Unity is to merge with app monetisation platform ironSource in an all-stock deal that values ironSource at $4.4 billion. The deal, which is subject to regulatory approval, is expected to close at the end of 2022.
On completion, ironSource shareholders will own 26.5% of the merged company, although Unity’s board of directors has authorised a 24-month share buyback program of up to $2.5 billion.
A merger Unity expects to ‘transform’ its financial profile
The deal is the latest in a string of Unity buyouts, with firms that the game engine developer has acquired including VFX facility Weta Digital, rigging tools specialist Ziva Dynamics and SpeedTree developer IDV.
ironSource is rather different, since it develops technologies for distributing and monetising mobile apps.
We don’t normally write about Unity’s buyouts of non-graphics-related companies or the – increasingly large – part of its operations releated to business services, but we thought the news was worth covering.
First, because ironSource is large enough for the deal to be described as a merger, rather than a buyout.
Although Unity is the larger partner – it is currently valued at $11.8 billion, compared to the $4.4 billion valuation the deal places on ironSource – ironSource shareholders will own 26.5% of the merged company.

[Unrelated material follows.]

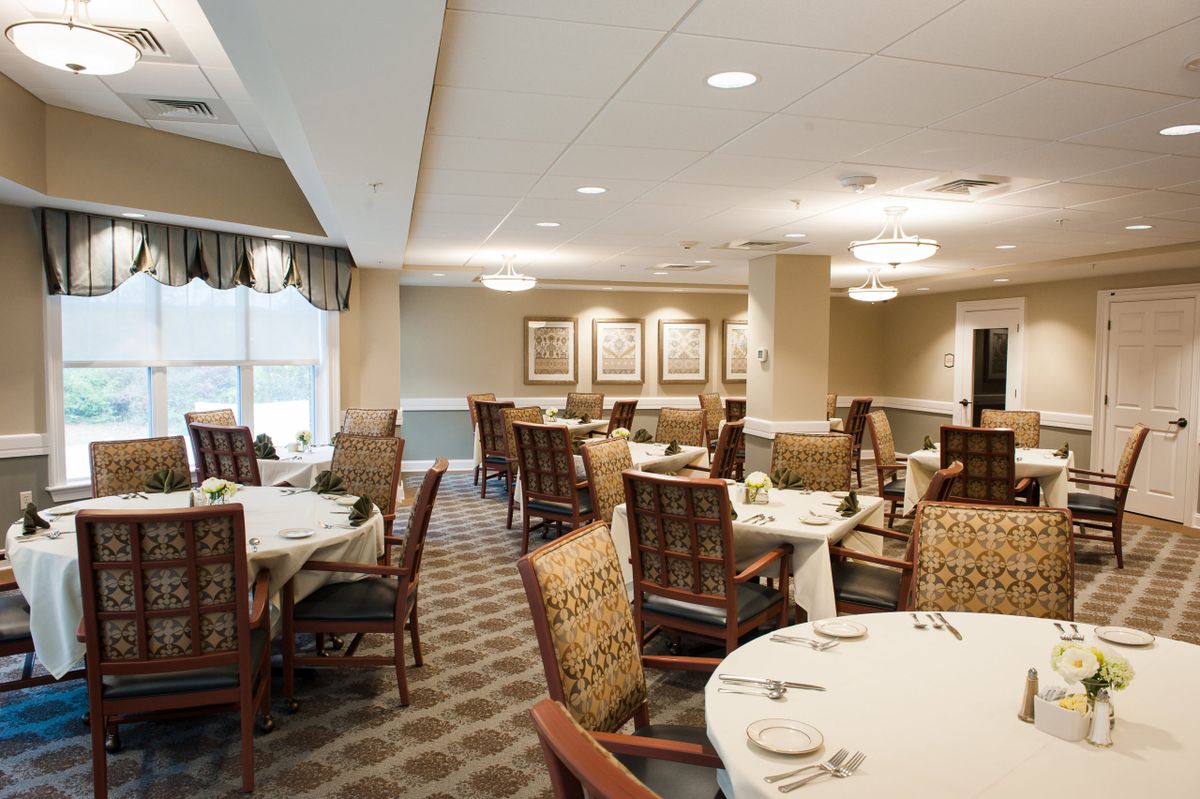 An elegantly decorated dining room with round tables and wooden chairs.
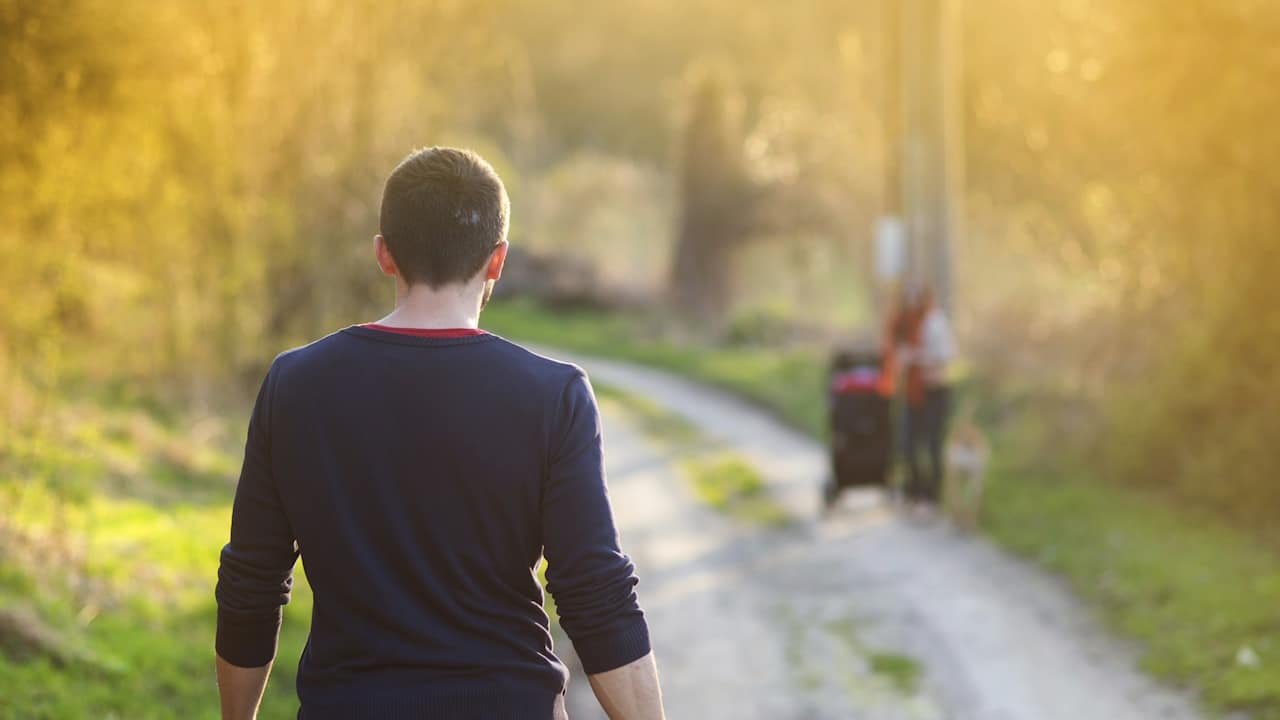 A man walking towards his partner.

Unity’s board of directors have authorised a 24-month share buyback program of up to $2.5 billion, effective upon closing of the merger, to “reduce dilution caused by the transaction”.
And secondly, because the deal comes less than two weeks after Unity laid off 4% of its workforce.
According to the press release announcing the deal, Unity – which currently operates at a loss – expects the deal to “transform [its] financial profile to that of a highly profitable and free cash flow positive company”.
The deal is expected to close in Q4 2022, subject to shareholder and regulator approval.